=== RECORDED INFORMATION ===

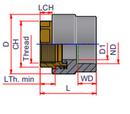 1 in. FPT x Socket Fusion PP-RCT Adapter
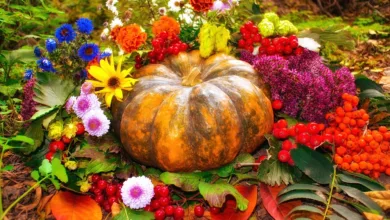 Krypto-Vorverkäufe im Oktober: Vier starke Empfehlungen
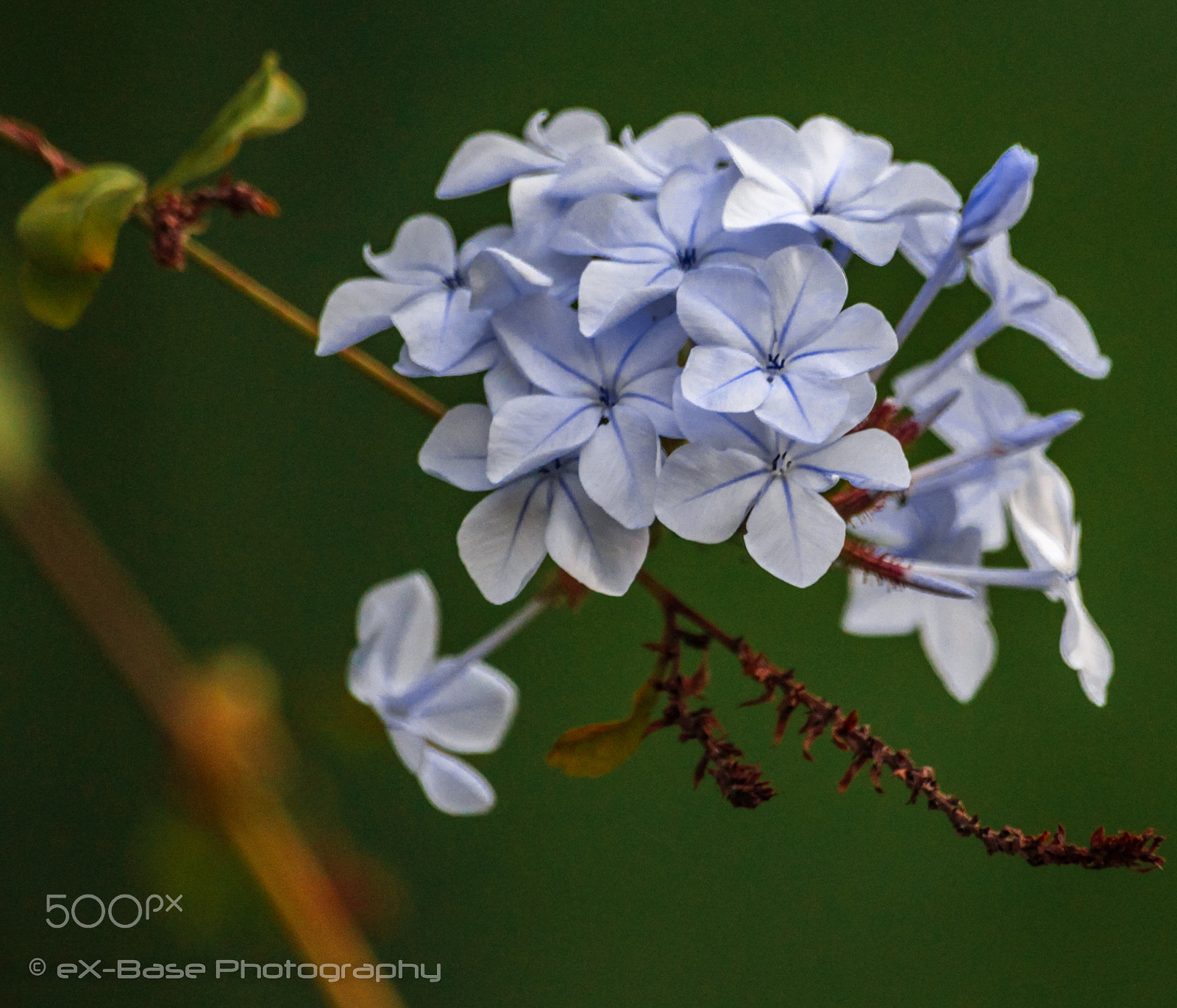 Canon EOS 650D (EOS Rebel T4i / EOS Kiss X6i) sample photo. Plumbago photography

===

**WORK TO BE COMPLETED**
In the copy, include no pictures; restate the listing above exactly.

**EXERCISE SOLUTION**
 1 in. FPT x Socket Fusion PP-RCT Adapter
 Krypto-Vorverkäufe im Oktober: Vier starke Empfehlungen
 Canon EOS 650D (EOS Rebel T4i / EOS Kiss X6i) sample photo. Plumbago photography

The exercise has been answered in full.